An interesting backstory attends Celer’s latest release Voyeur, and it’s one that brings into clearer focus the at times foreboding ambiance of the album content. Apparently a few years ago Will Long was commissioned by a California-based film company to produce a score for a film inspired by Hitchcock’s 1954 film Rear Window, a key difference being that the projected film would include a two-sided viewer plot as opposed to the one in Hitchcock’s that centers on the perspective of the temporarily wheelchair-bound photographer L.B. Jefferies (played by Jimmy Stewart). Long created the material prior to the commencement of filming at home and at a studio in Silverlake, California, only to be told that the entire film project had been cancelled—despite the fact that the musical material had been completed a week before the first draft deadline.

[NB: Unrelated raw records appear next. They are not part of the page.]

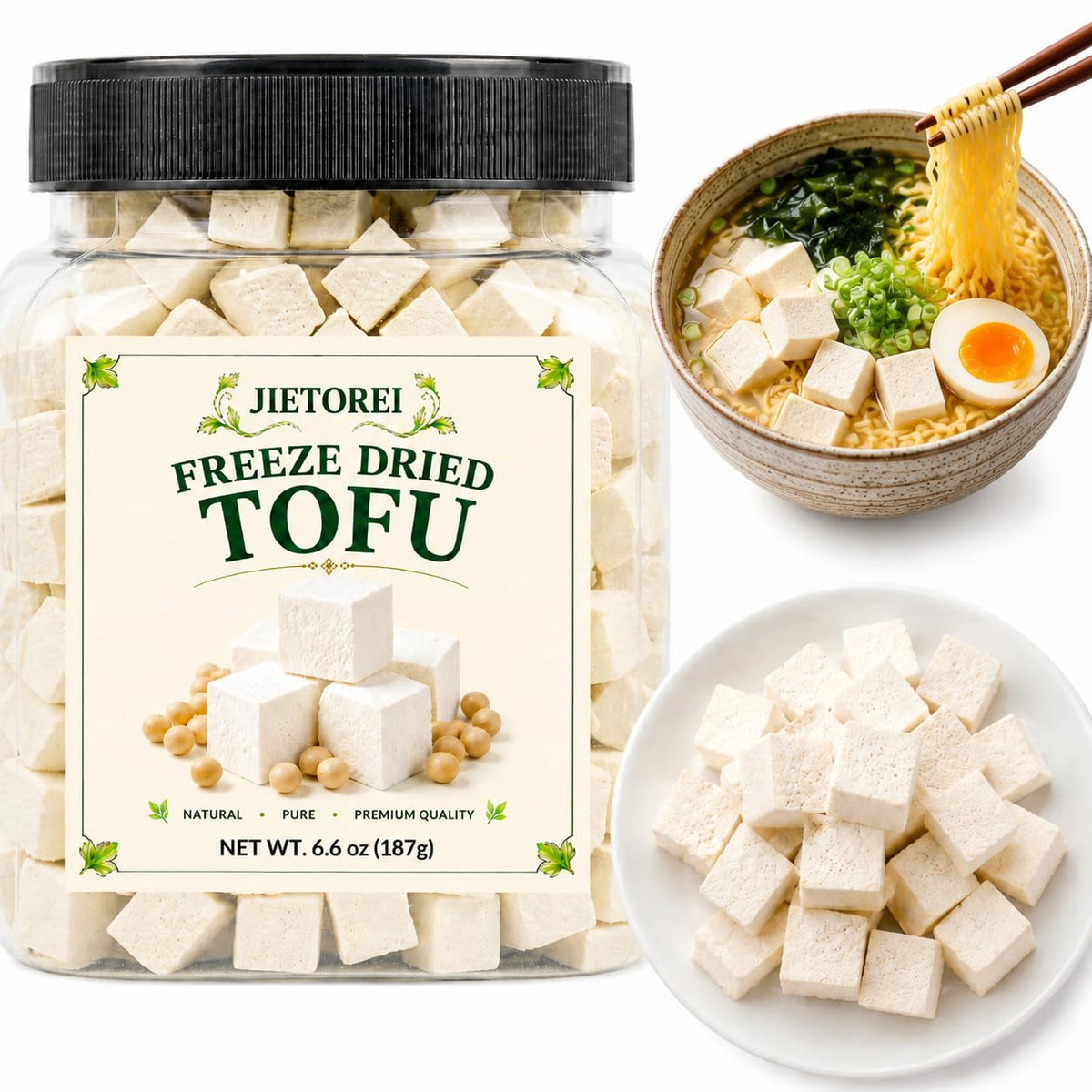 6.6 oz Freeze Dried Tofu Cubes, Dehydrated Tofu, Ramen Toppings & Miso Soup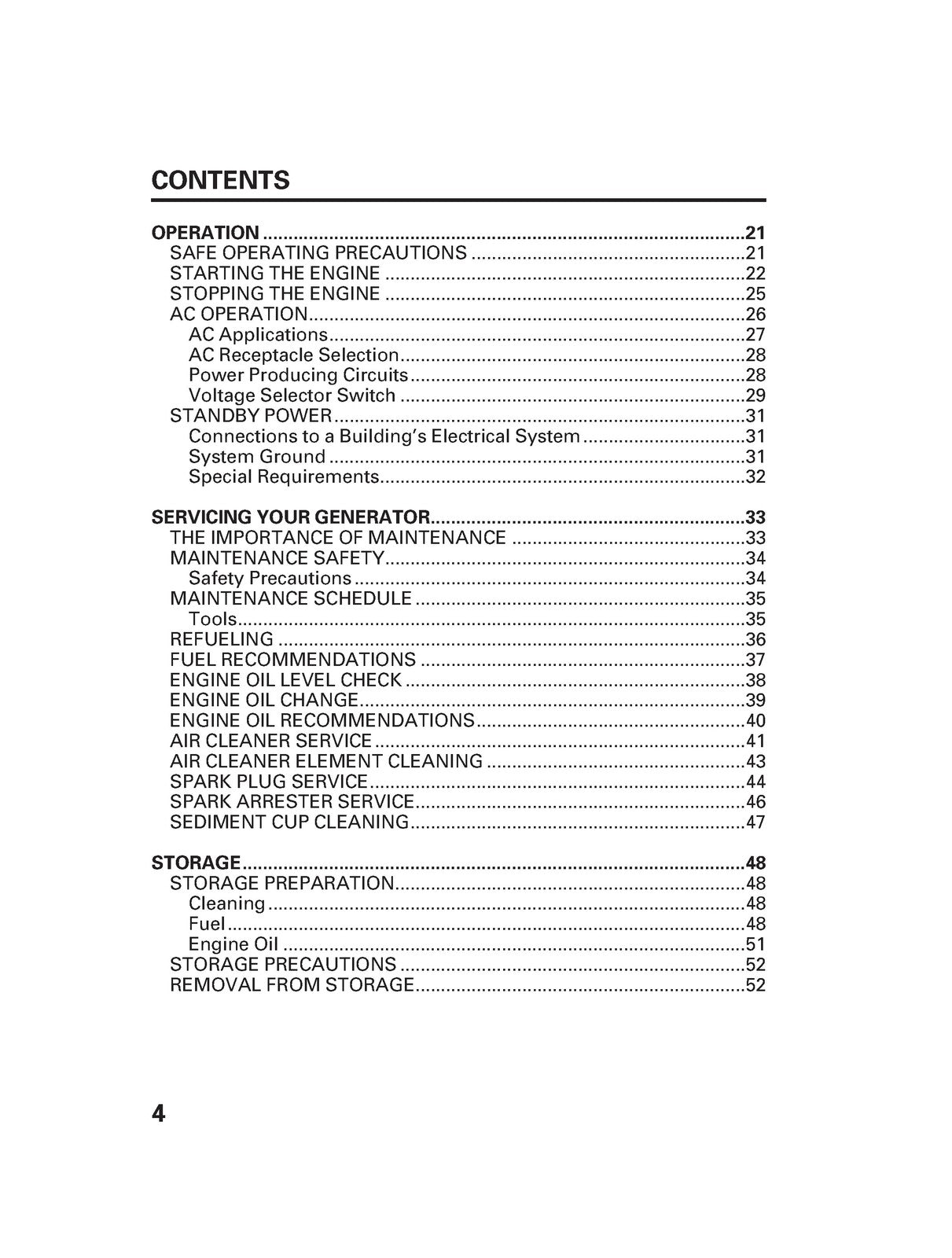HONDA EG4000CL EG5000CL EG6500CL Generator Owners Manual 2011 - WIRE BOUND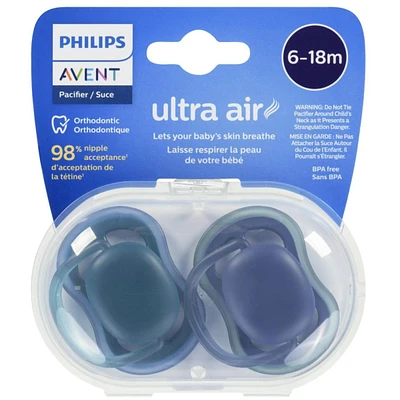 Suce ultra-aérée Philips Avent pour bébés de 6 à 18 mois, coloris opale et bleu acier, SCF085/31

That’s not all that’s curious about the release, which Berlin-based Humming Conch has issued in a run of 300 vinyl copies. Though the recording was made in March of 2008, it’s only now seeing the light of day as a soundtrack to a film never made. And unlike many a Celer release where one encounters long-form pieces of twenty-minute durations, Voyeur sequences eleven tracks into a thirty-four-minute presentation—though such an approach is consistent with soundtracks in general, where short musical pieces typically are composed with specific scenes in mind. Another interesting thing about the release is that Danielle Baquet-Long, Will’s late partner, is credited with vocals, but one must listen carefully to hear them as they’ve been incorporated into the opening and closing tracks as barely audible choral breaths.
Curious details aside, Voyeur is quintessential Celer in its skeletal drift of fragile, shimmering vapours and whistling, organ-like tones. But as mentioned, Voyeur also parts company with Celer music as it’s often presented, specifically in settings such as “Bitter Light and Anticipating a Day Heat (The Isolated)” and “Binoculars, a Telephone, and Fear (The Note)” where dissonance and darker tonalities emerge to lend the material a haunted and unsettled quality. In such moments, one imagines Voyeur could just as easily function as a modern-day soundtrack to Hitchcock’s Vertigo or (in its non-violent episodes, at least) Psycho as much as Rear Window. The inclusion of these darker passages also adds to the release in providing contrast to episodes like “Intermission (Afternoon, Don’t End)” and “Finale (After Midnight)” that are comparatively serene in character. Relatedly, Voyeur also suggests that film producers would be wise to consider Celer for future soundtrack commissions; it’s hard to think of any musical act more naturally capable of creating soundtrack material that’s suitably atmospheric and evocative without being overly intrusive.